At the final presidential debate, Ms Clinton had called Mr Trump’s threatened refusal to concede the election “horrifying”, and, in her concession speech on 9 November, urged her supporters “to accept the results and look to the future.”
Mr Trump tweeted that “so much time and money will be spent” on the recount, only to reach the same result. It was, he concluded, “sad”.
His criticism came a day after Marc Elias, a lawyer for the Clinton campaign, said the Democratic nominee’s team would not call for a recount themselves, but would participate in Ms Stein’s effort, “in order to ensure the process proceeds in a manner that is fair to all sides.”
The Wisconsin Elections Commission announced on Friday that it had received Ms Stein’s petition to perform a recount of the vote there, amid claims from computer experts and electoral lawyers that vote totals could have been manipulated.
As of Sunday, a crowdfunding effort started by Ms Stein had raised more than $6m of the $7m needed to cover fees and legal costs for a manual recount of ballots in Wisconsin, Pennsylvania and Michigan.
Mr Elias said in his statement that the Clinton campaign’s own analysts had not found any evidence of fraud or other irregularities, despite the repeated hacking of party and campaign databases that took place during the election.
“Let me be very clear: We do not have evidence of fraud. We do not have smoking guns.

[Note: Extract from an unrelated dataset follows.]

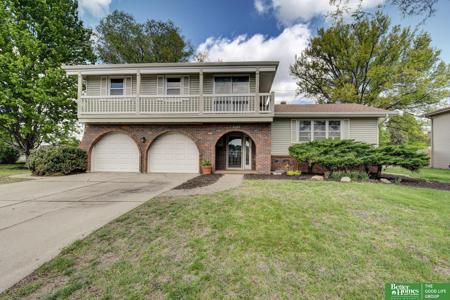 14048 Pierce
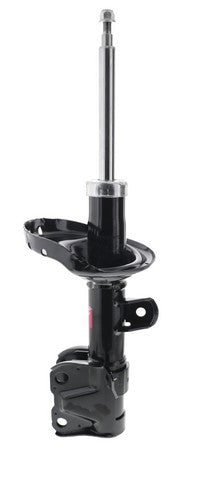 KYB Suspension Strut P/N:3350069 Fits: Subaru Legacy 19-18 - Image 1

What we do have is an election that was surrounded by hacking,” Ms Stein wrote on her campaign website.
After filing for a recount in Wisconsin, and having raised sufficient funds for a similar petition in Pennsylvania, to be filed by Monday, she went on, “We will focus on raising the needed funds for Michigan’s recount (due Wednesday).”
In Pennsylvania, which has 20 Electoral College votes, Mr Trump won by roughly 68,000 votes, and in Wisconsin, which has ten such votes, his margin was even smaller: just 27,000. Michigan, which carries 14 votes, is still yet to be certified, with the difference between the two candidates amounting to fewer than 12,000.
Asked about the recount on ABC’s This Week on Sunday, Ms Clinton’s former Democratic primary rival Bernie Sanders said it was “not a big deal,” adding: “I don't think anybody, Secretary Clinton or anybody else, thinks that there's going to be profound changes.”